Hart’s up-close and personal experience of the refugee crisis will add to the depth and breadth of the two undergraduate courses she is teaching, “Globalization, Borders and Migration” and “Understanding Violence: Global Ethnographic Perspectives,” both in the Global Studies Program of the UCLA International Institute. As an anthropologist, Hart is interested in the relationship between global structural forces and intimate experience. “For students struggling to understand migration and globalization,” she said, “anthropology offers an ethnographic perspective that helps them relate these concepts to the everyday experience of ordinary people.”

Hart joined UCLA in 2015 with a dual appointment in the global studies program and the department of anthropology. A veteran of global studies, having taught the subject for over 20 years at Haverford College, she has research interests in ethnicity, civil war, borders, displacement and migration — topics at the forefront of contemporary global politics.

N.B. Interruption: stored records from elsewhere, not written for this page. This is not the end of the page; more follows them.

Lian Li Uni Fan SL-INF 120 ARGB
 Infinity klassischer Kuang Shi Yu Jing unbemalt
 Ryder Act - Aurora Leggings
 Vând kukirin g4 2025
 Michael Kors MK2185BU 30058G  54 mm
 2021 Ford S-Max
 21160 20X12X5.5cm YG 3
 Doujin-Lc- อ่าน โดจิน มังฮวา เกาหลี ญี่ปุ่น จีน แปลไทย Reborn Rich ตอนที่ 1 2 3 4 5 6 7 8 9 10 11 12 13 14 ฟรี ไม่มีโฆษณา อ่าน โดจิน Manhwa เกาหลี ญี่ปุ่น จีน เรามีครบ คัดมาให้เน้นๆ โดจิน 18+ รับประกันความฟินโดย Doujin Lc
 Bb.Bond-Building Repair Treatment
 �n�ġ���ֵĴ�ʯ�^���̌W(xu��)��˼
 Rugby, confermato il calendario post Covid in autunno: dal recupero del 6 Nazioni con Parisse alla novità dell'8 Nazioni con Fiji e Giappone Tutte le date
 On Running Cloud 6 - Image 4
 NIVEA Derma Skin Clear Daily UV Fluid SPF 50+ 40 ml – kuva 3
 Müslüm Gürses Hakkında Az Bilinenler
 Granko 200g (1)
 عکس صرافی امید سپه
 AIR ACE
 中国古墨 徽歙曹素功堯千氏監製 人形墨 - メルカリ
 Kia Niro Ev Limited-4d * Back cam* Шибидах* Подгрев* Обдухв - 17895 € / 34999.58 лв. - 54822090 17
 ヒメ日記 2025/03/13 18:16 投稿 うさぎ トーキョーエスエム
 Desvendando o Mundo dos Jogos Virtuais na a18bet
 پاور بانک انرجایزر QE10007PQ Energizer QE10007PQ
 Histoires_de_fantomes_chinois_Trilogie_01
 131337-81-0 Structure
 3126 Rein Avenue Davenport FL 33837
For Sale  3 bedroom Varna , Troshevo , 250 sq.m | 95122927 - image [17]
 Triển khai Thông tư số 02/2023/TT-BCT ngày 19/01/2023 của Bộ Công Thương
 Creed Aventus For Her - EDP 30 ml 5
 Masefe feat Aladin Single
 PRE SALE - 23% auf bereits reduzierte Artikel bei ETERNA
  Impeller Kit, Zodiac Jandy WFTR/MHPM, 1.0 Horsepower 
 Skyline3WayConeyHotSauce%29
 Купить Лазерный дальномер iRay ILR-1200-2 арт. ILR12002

Waves of refugees and migrants have been arriving in Greece since 2014, creating an enormous economic and political strain. The country was already suffering a severe economic downturn caused by the austerity policies imposed in the wake of the 2009 Greek debt crisis and subsequent European Union (EU)-negotiated bailout packages, and the EU has left Greece largely to its own devices to handle the migrants.

“While the [refugee] crisis is less visible in the international media this summer, on the ground it is very clear that the situation is both urgent and chronic,” said Hart. “The recent repressive crackdown by Turkish leader Erdogan has added to the instability of the situation for refugees.”

When teaching globalization, Hart and her students read intensively in ethnographic texts by anthropologists who have done long-term field research among people who live on territorial borders, who have crossed the border or who have experienced migration, and who analyze these border conditions from a theoretical and comparative point of view. “Our texts,” Hart said, “are geographically very diverse, from Africa, the Middle East and Asia, to the closer-at-hand U.S.-Mexican border.”

For the midterm in one of her classes, Hart assigned students to interview someone who had crossed a nation-state border and to use what they had learned from the class readings and discussion to explore their interviewee’s experience. “They did some amazing, perceptive work, often drawing on their own or their parents’ experiences of migration,” she said.

Reflecting on her summer and the magnitude of the migration flows toward Europe, Hart said, “It’s a very interesting and challenging time to be in global studies at UCLA because I have an opportunity to bring awareness of what’s going on in Europe to students who often feel it is remote from their lives.

“I would like them to see Europe in a global context as a living place that is experiencing cataclysmic events, and to understand the way in which the wars in Syria, Iraq and Afghanistan and extreme North-South inequality are affecting Europe and the U.S., as well as the ordinary lives of people everywhere,” she said.

This story was adapted from the original published by the UCLA International Institute.